The rover will probably make at least one scientific stop along the way.

The photos reveal two large rocks along the route, and Spirit will probably stop and analyze their composition.

Sunday “was a good day on Mars,” said Matt Wallace, Spirit mission manager. “The good news just keeps on coming.”

Like a tourist checking into a resort hotel, Spirit has begun unlimbering its instruments, arranging communications and taking a look around the landing site to get its bearings.

Since Spirit arrived on the Martian surface Saturday, everything has checked out perfectly, team members said. All of Spirit’s instruments are working, good communication links have been established and the site promises to provide a wealth of scientific details.

“We’ve demonstrated that we can command the rover” from Earth, Wallace said. “All went well.”

Scientists had been particularly concerned about Spirit’s Mossbauer spectrometer, a German-built instrument designed to determine the composition of iron-bearing minerals that are difficult to detect by other means.

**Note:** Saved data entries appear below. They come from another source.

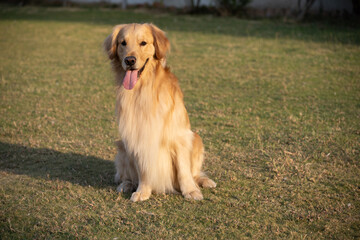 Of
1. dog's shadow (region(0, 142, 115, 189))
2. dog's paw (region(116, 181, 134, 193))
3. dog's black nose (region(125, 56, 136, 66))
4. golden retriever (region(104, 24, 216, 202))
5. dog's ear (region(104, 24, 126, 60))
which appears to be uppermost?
dog's ear (region(104, 24, 126, 60))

The instrument was badly shaken during Spirit’s launch in June, and malfunctioned during the seven-month cruise to Mars. Researchers spent a great deal of time during the flight attempting to work around the problem.

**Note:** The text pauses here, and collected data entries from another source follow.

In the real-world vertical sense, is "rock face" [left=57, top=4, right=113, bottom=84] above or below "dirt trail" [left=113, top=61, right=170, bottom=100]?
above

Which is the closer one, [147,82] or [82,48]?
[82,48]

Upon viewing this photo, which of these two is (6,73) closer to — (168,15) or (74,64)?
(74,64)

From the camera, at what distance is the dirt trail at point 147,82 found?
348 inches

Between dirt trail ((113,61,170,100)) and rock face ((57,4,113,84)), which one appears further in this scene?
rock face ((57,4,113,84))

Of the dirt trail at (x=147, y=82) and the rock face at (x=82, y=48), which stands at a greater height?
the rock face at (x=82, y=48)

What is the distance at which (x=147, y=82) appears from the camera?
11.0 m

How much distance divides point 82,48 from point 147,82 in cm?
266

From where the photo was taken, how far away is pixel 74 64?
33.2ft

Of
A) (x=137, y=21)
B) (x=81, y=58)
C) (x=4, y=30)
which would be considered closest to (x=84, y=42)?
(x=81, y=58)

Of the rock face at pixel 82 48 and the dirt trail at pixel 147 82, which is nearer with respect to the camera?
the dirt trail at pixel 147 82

When the team confirmed late Sunday that it was working, Squyres said, there was “whooping and hollering” just like there had been in the control room on the night of the landing — “but it was all in German.”

The team still has a week’s worth of preparatory work before the rover can get on with its real mission, which is to move around on the surface and look for signs that water once existed in the crater in large quantities — an indication that life may have existed there as well.

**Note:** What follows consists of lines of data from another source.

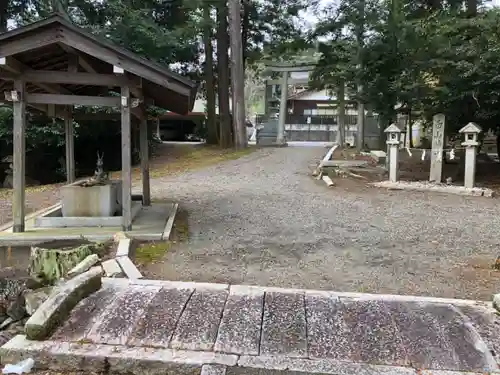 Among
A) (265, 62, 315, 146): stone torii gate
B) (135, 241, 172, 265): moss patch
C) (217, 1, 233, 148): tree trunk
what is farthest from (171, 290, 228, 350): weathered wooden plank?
(265, 62, 315, 146): stone torii gate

Controllers will take the first steps in that direction today by ordering the rover to rear up on its hind four wheels so that the front two wheels can be extended from their folded transport position and locked into place.

The team will also fire pyrotechnics — small explosives — to sever some of the cables connecting the rover to its landing platform.

The team is proceeding slowly, and the process will take three days, Wallace said.

Freeing the rover from the lander is a crucial step, Squyres said. “If we can’t get off the lander, we can never get any science done. We can take pictures with the [panoramic camera] until the cows come home, but the scenery is never going to change.”

The efforts on Mars are getting out of sync with Earth time. The Martian day is 24 hours, 39 minutes and 35 seconds, so the discrepancy grows each day.

On Monday, the rover woke up at 4:20 p.m. PST, shortly after the Martian sunrise. Today it will awaken at 5 p.m., Wednesday at 5:40, and so on.

For JPL staff members, the unveiling of the 3-D image was another emotional moment, one more vivid realization that years of work had begun to pay off.

Tom Shain, logistics manager for the mission, said the lab staff was moving forward with a renewed confidence — and high expectations of success for Spirit’s identical twin, Opportunity, which is scheduled to land on Mars on Jan. 24.

Shain, who began his career at JPL in 1961, plans to retire after the twin rover missions.

“For me, it’s a super one to stand down on,” he said.